One question was about prosecuting wrongdoers (of the previous regime).  The Prime Minister was essentially asked when they would be brought to justice.  The response was light: 

“We are investigating, we are going to courts and we are allowing the lawyers to make money.”  He then added, as afterthought, “lawyers have been big supporters of our party, so we can’t let them down.” 

[See the Big Match interview here]

He was obviously joking about helping lawyer loyalists, but he was correct in terms of the tangible outcomes of the process so far.  What we do know and can appreciate is that such processes take time, perhaps longer than necessary but certainly better long than short for haste makes for error and perforce cannot service the cause of justice.  What we do not appreciate is the selectivity that is so pronounced in the process.  The focus is on allegations against the previous regime or rather key personalities in that regime.  There have been serious violations, clearly, but some of them would fall into petty thievery compared to the daylight robbery associated with the Central Bank bond scam.  If petty thieves deserve arrest, how come those accused of scheming to make billions are allowed to roam around free, is the question that many ask.  

But it was all light-hearted and we can leave it at that.  As light-hearted was the question put to him earlier, ‘Now that you are in power, what’s your next step?’  Pat came the answer: 

“The next step is to stay in power.”

It was not an answer typical of politicians.  It was, in contrast, an honest response.  That’s what politics and politicians are all about.  Power.  Striving to obtain it and thereafter fighting to keep it.  Only, they don’t say it.  Kudos to the Prime Minister, even if it was said in jest and even though it was a slick way of spelling out things.  Not the time nor the place, one might say in his defense.

The match is done and dusted or rather was rained out.  We can return to the response with more sobriety now.  

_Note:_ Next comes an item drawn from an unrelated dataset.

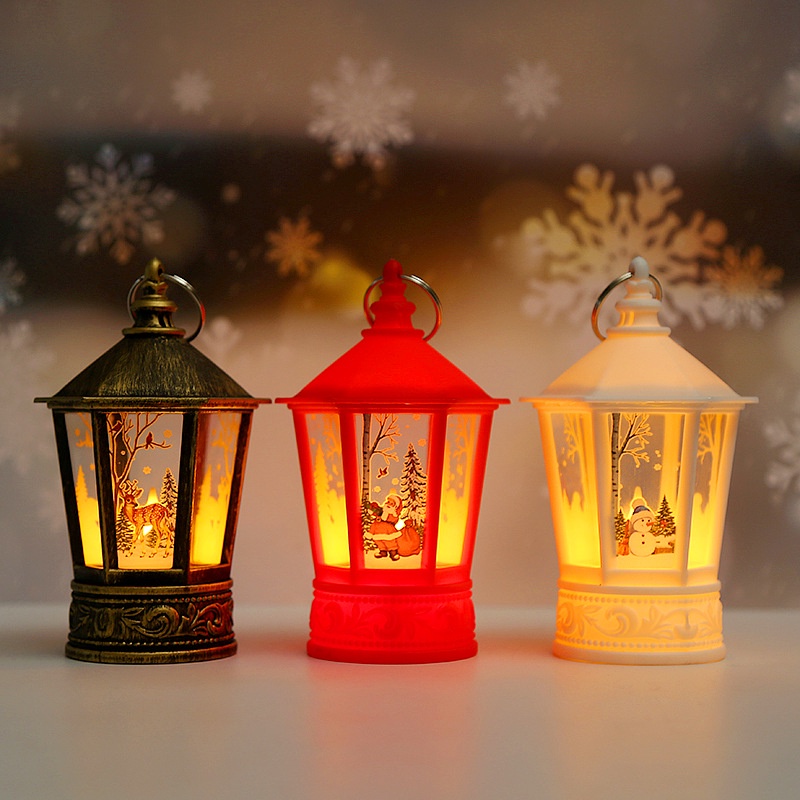 Đèn LED Trang Trí Giáng Sinh / Nhà Ở / Quán Bar Hình Ông Già Noel / Người Tuyết Lãng Mạn Chạy Bằng Pin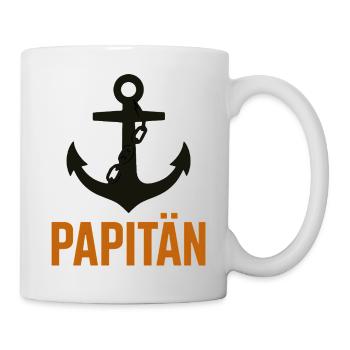 Anker Kapitän Papitän - Tasse - Weiß - Rechts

Power.  Some say it is about longevity and out-living the competition.  That might explain J.R. Jayewardena and to a certain degree Mahinda Rajapaksa and their respective ascents.  It certainly holds for Ranil Wickremesinghe.  Luck, they say, can also figure in the equation.  In Wickremesinghe’s case it was as much longevity as the lack of it among potential rivals within his party.  Whether it is correct to call it luck is debatable, but he was lucky when part of the ruling coalition ‘fell into his lap,’ so to speak, in 2001.  He was lucky when Maithripala Sirisena entered the fray in late 2014.  On the other hand, perhaps luck is about being positioned well when events unfold in ways that opportunities are created.  He was there at the right place and at the right time.  That takes staying power.  

Staying in power is a different kettle of fish.  Today, for all his luck, if you want to call it, the most powerful individual in the country is Maithripala Sirisena.  

Power, in this sense, is best ascertained by the answer to a simple question — who can alter the political equation or landscape most with the least effort?   This is why ‘staying in power’ is a challenge.  There’s no light-heartedness here; certainly not in the sordid theatre called politics.   

It’s a big challenge.  Things have got so bad that those posing as ‘left intellectuals’ and ‘liberals’ (NGO personalities mostly in the latter category) are getting their respective knickers twisted in their plaintive cries of support for the Sirisena-Wickremesinghe union.  Left intellectuals who brutally criticised leftist parties for tying up with the previous regime, throwing in a lot of Marxist terms and drawing heavily from ‘revolutionary’ history, are keeping mum about these very parties supporting what would in their lingo be a ‘rightist government’.   Those who mocked these parties for hanging on to the sari-pota and the saatakaya don’t seem to mind the current penchant for hanging on to the edges of the various jackets of the current regime.   As for the ‘liberals’ who were horrified at the slightest infringement on liberties not too long ago, they are pretty quiet when this regime makes a mockery of its own doctrine of yahapalanaya.  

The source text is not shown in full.